## Short web captions
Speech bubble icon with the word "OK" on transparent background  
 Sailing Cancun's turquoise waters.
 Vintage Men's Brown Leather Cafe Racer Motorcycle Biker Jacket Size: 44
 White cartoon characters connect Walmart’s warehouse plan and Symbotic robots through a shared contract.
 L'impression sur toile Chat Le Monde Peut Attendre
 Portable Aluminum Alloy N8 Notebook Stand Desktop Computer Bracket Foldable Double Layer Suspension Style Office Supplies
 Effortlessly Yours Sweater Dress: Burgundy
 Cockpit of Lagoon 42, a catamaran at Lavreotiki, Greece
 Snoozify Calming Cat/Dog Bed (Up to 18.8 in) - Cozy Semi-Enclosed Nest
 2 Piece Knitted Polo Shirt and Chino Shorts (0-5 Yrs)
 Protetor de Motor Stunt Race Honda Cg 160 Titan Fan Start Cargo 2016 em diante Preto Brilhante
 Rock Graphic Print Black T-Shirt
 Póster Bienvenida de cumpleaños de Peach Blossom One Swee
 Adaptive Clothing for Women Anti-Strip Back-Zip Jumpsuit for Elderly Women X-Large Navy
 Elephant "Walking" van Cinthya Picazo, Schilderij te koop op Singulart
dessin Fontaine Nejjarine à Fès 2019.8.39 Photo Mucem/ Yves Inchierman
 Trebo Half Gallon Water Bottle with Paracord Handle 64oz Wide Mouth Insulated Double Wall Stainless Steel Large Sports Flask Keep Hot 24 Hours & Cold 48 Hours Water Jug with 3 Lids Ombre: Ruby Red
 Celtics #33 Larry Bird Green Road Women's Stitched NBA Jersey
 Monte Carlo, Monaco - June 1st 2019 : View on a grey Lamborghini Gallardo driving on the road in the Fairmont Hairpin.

## Assignment
Whenever the word "Shirt" shows up in a line, that line counts. Say how many lines of the data count, giving the number alone.

## Solution for this task
2